What are the desirable key properties of the module:
OpenCV's Core module in its current form has been created in ~2009, where cv::Mat, a multi-dimensional dense array, has been introduced as a complete replacement for CvMat, CvMatND and IplImage. The whole OpenCV API has been reconstructed (before 2009 it was a C API) around this cv::Mat and a few other basic structures like std::vector<> (to handle point clouds etc.). The idea behind combinding image, matrix and multi-dimensional array (tensor) has been borrowed from Matlab, where toolboxes, including image processing toolbox, basic linear algebra toolbox, Jean-Yves Bouguet camera calibration toolbox etc. all happily use Matlab matices and so it's super-easy to create pipelines that use algorithms from different areas.

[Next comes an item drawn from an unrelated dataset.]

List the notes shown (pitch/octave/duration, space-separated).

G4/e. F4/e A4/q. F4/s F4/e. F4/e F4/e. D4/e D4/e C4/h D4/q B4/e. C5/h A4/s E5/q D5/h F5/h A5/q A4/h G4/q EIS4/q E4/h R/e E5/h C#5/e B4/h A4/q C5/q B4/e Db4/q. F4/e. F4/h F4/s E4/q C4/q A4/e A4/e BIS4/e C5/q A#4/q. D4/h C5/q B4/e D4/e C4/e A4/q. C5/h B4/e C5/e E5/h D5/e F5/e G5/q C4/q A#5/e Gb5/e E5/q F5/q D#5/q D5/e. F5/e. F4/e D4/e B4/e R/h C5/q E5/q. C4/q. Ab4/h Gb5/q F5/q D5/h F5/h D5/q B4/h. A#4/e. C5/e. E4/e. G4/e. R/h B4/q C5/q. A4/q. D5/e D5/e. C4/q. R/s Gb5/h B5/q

It seems that Python's famous numerical extension numpy borrowed the same idea and also implemented ubiquitous matrix/array type called ndarray there. On top of numpy some bigger packages have been developed like scipy, scikit-learn etc. An efficient and yet quite comprehensive set of basic operations extended by the derived packages mostly eliminated the problem of very low speed of manually-written Python code (because all the kernels in numpy are implemented in efficient C or Fortran). That suddenly made Python a sound substitution for Fortran & Matlab in the new century.

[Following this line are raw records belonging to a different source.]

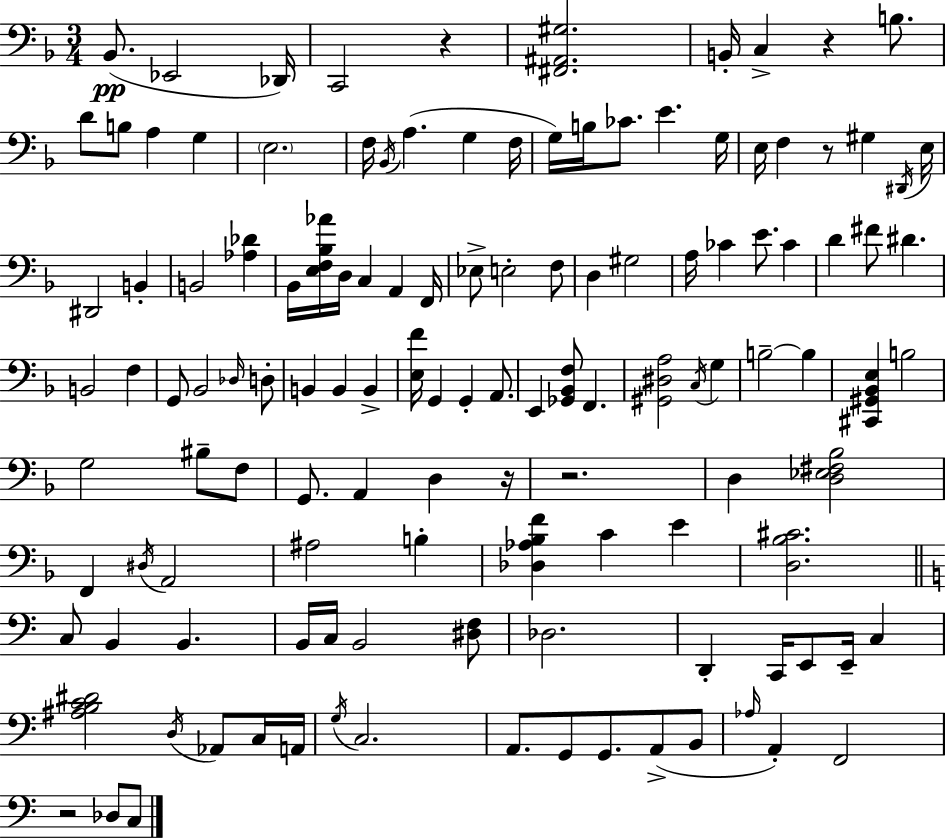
X:1
T:Untitled
M:3/4
L:1/4
K:F
_B,,/2 _E,,2 _D,,/4 C,,2 z [^F,,^A,,^G,]2 B,,/4 C, z B,/2 D/2 B,/2 A, G, E,2 F,/4 _B,,/4 A, G, F,/4 G,/4 B,/4 _C/2 E G,/4 E,/4 F, z/2 ^G, ^D,,/4 E,/4 ^D,,2 B,, B,,2 [_A,_D] _B,,/4 [E,F,_B,_A]/4 D,/4 C, A,, F,,/4 _E,/2 E,2 F,/2 D, ^G,2 A,/4 _C E/2 _C D ^F/2 ^D B,,2 F, G,,/2 _B,,2 _D,/4 D,/2 B,, B,, B,, [E,F]/4 G,, G,, A,,/2 E,, [_G,,_B,,F,]/2 F,, [^G,,^D,A,]2 C,/4 G, B,2 B, [^C,,^G,,_B,,E,] B,2 G,2 ^B,/2 F,/2 G,,/2 A,, D, z/4 z2 D, [D,_E,^F,_B,]2 F,, ^D,/4 A,,2 ^A,2 B, [_D,_A,_B,F] C E [D,_B,^C]2 C,/2 B,, B,, B,,/4 C,/4 B,,2 [^D,F,]/2 _D,2 D,, C,,/4 E,,/2 E,,/4 C, [^A,B,C^D]2 D,/4 _A,,/2 C,/4 A,,/4 G,/4 C,2 A,,/2 G,,/2 G,,/2 A,,/2 B,,/2 _A,/4 A,, F,,2 z2 _D,/2 C,/2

With the rise of Deep Learning the idea has been greatly extended. Efficient, GPU-accelerated, comprehensive set of operations (very similar to numpy) that can be put together into graphs, together with automatic differentiation tools, formed the foundation of the modern Deep Learning technology. If one looks at PyTorch, Tensorflow, JAX, ONNX specification etc., he/she will find many similarities with numpy. In particular, many ONNX operations follow numpy quite closely and use numpy for illustration of those operations. Of course, there are some deep learning-specific operations like Convolution or SoftMax or Dropout or Attention, but most of ONNX operations have numpy counterparts.

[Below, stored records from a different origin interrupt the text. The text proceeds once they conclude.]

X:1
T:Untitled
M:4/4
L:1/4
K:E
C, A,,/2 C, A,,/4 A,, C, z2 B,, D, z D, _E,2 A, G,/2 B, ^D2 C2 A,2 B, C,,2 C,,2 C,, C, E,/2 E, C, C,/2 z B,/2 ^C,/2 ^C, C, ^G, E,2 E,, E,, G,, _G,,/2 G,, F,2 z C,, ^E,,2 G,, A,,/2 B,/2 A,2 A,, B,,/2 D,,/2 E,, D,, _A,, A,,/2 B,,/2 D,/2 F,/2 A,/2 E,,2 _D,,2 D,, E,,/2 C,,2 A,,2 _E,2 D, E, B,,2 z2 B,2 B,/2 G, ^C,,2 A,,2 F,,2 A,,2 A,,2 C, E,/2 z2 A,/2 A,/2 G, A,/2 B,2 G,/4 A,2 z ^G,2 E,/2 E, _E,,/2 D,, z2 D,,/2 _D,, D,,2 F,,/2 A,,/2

Python community (since all aforementioned frameworks, except for OpenCV, mainly use Python) noticed this close resemblance of many array processing frameworks and decided to introduce so called Python array API standard. It's clear that this is emerging standard, as its API lacks some important numpy functionality, some important PyTorch/ONNX operations, it lacks the notion of an external accelerator (like GPU or NPU) where user may want to transfer array/tensor to, perform a set of operations there and transfer the results back. This is crucial functionality for deep learning frameworks, for OpenCV, its deep learning module and its GPU-accelerated image processing functionality etc. So the standard will definitely evolve, but it makes sense for us in OpenCV 5 to comply with it more or less even now. Besides implementation of already specified API, for us it's opportunity to offer extra kernels to the community that are important for computer vision and image processing use cases.
The list of functions to implement/improve in Core module in OpenCV 5.0Basically, OpenCV's core module should implement a big subset of "Python array API standard" with certain extensions that we consider useful.
The list of functions below has been directly copied from https://data-apis.org/array-api/latest/API_specification/index.html. Probably, the following content should be presented in a table.
Unary/binary arithmetic, math and logic operations. We have implementation of many of those operations already (sometimes under slightly different names), but we need to support broadcasting for binary operations.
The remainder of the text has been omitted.